** What the task asks **
Could you set down the listing below exactly and omit its images?

[Provided material — start]

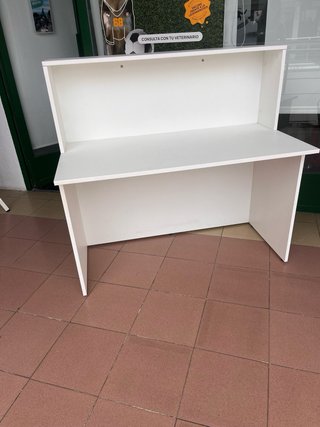 Mostrador blanco madera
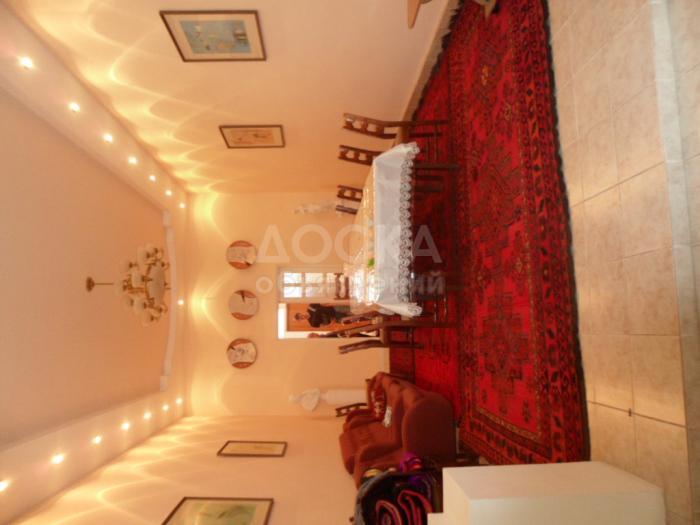 Сдаю 15-ком., 600кв. м., этаж-3, 9-сот., стена кирпич, Горького-Белинка,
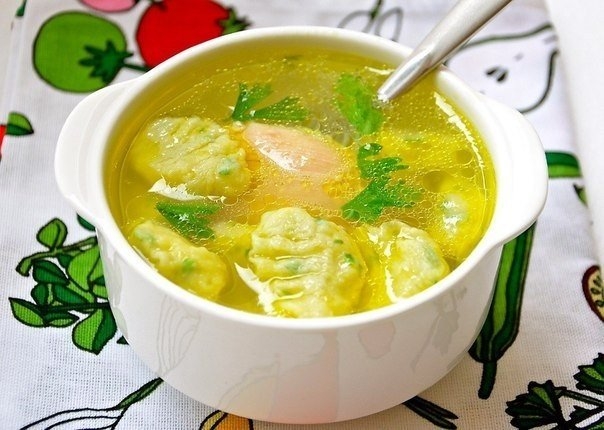 Куриный бульон с шпинатными клецками Куриный бульон с шпинатными клецками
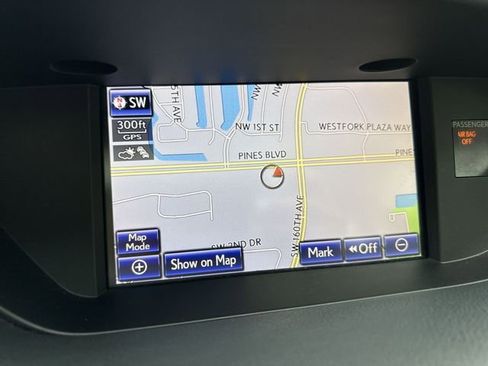 Used 2013 Lexus ES 300h w/ Luxury Pkg FWD image 18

[Provided material — finish]

** Answer to this problem **
 Mostrador blanco madera
 Сдаю 15-ком., 600кв. м., этаж-3, 9-сот., стена кирпич, Горького-Белинка,
 Куриный бульон с шпинатными клецками Куриный бульон с шпинатными клецками
 Used 2013 Lexus ES 300h w/ Luxury Pkg FWD image 18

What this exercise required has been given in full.